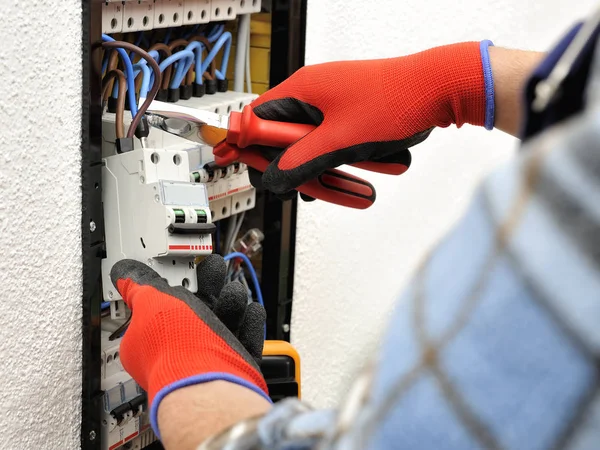 Young electrician technician at work on a electrical panel with — Stock Photo, Image
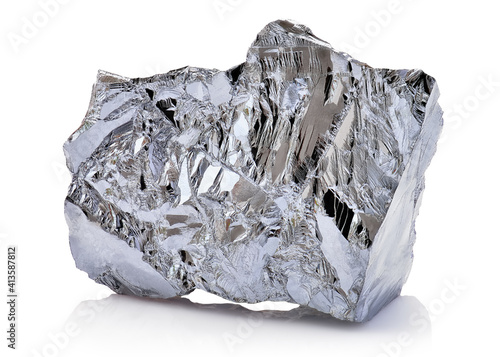Macro shoot of piece of nickel metal ore isolated on a white background. Closeup photo of amazing shiny mineral rough photo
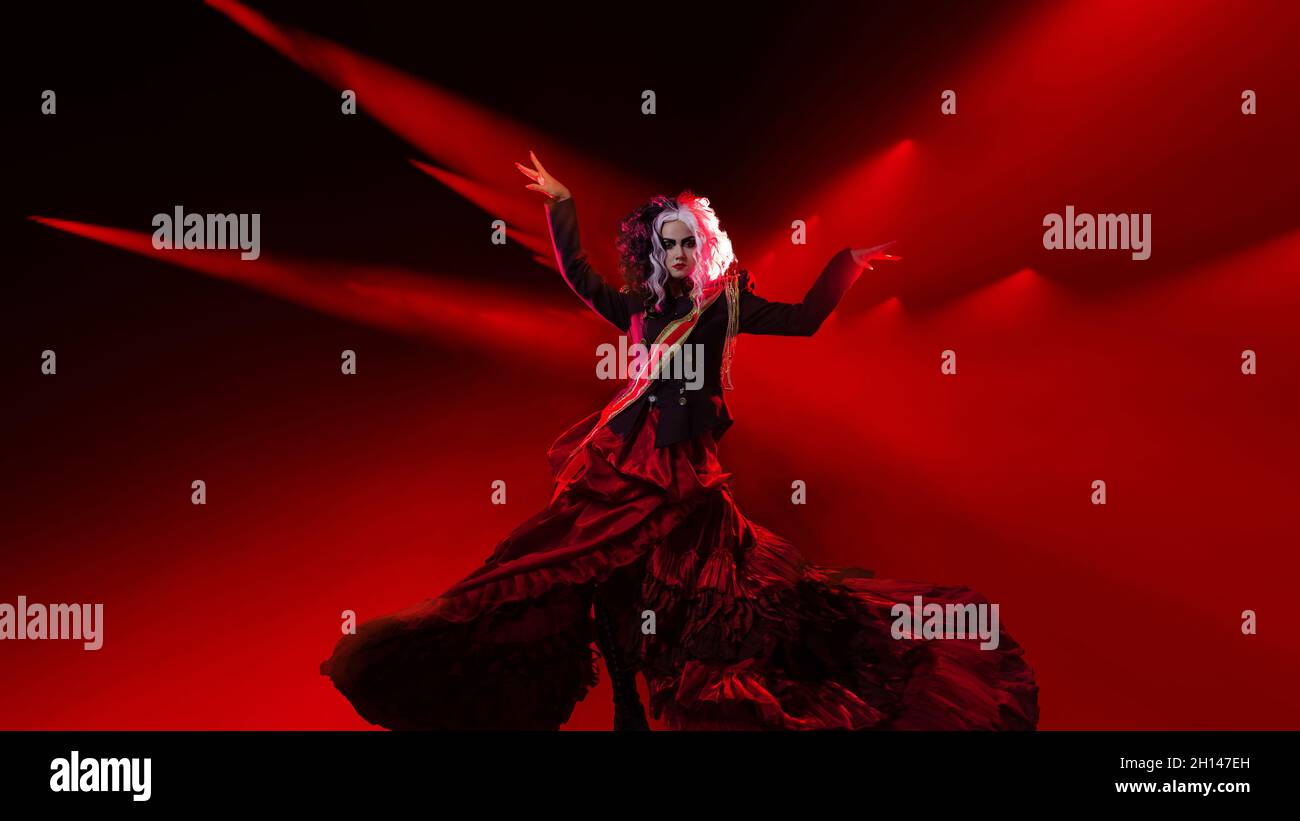 Make a performance. A bright and shocking woman on the stage in the light of red spotlights, with a black and white hairstyle is dressed in a decorate Stock Photo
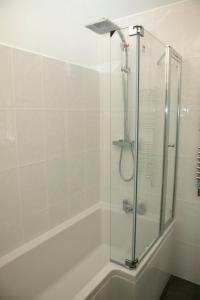 a shower with a glass door in a bathroom at Pheasants Roost at Tove Valley Cottages in Towcester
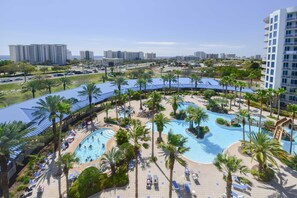 Een resort met een groot zwembad, palmbomen en uitzicht op de stadshemel.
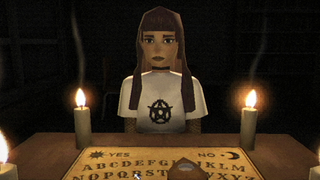 Girl sat at a table with candles and an ouija board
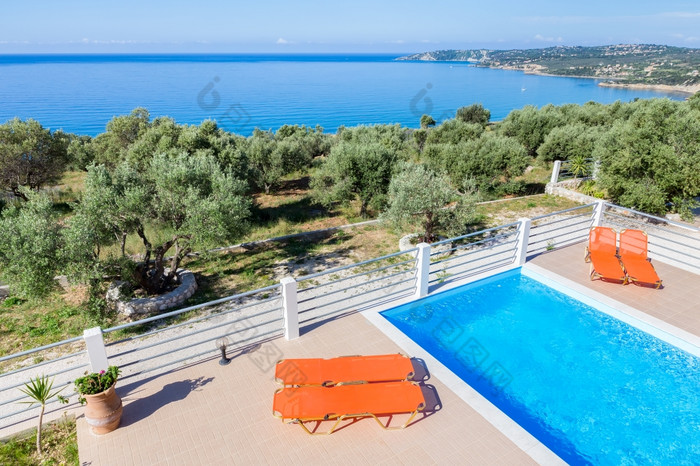 躺椅阳台与蓝色的游泳池附近海海岸希腊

..............................

# What to do
No pictures belong in the answer. It must repeat exactly the lines from the line with "Macro shoot of" through the final line of the records.

# Result of this task
Macro shoot of piece of nickel metal ore isolated on a white background. Closeup photo of amazing shiny mineral rough photo
 Make a performance. A bright and shocking woman on the stage in the light of red spotlights, with a black and white hairstyle is dressed in a decorate Stock Photo
 a shower with a glass door in a bathroom at Pheasants Roost at Tove Valley Cottages in Towcester
 Een resort met een groot zwembad, palmbomen en uitzicht op de stadshemel.
 Girl sat at a table with candles and an ouija board
 躺椅阳台与蓝色的游泳池附近海海岸希腊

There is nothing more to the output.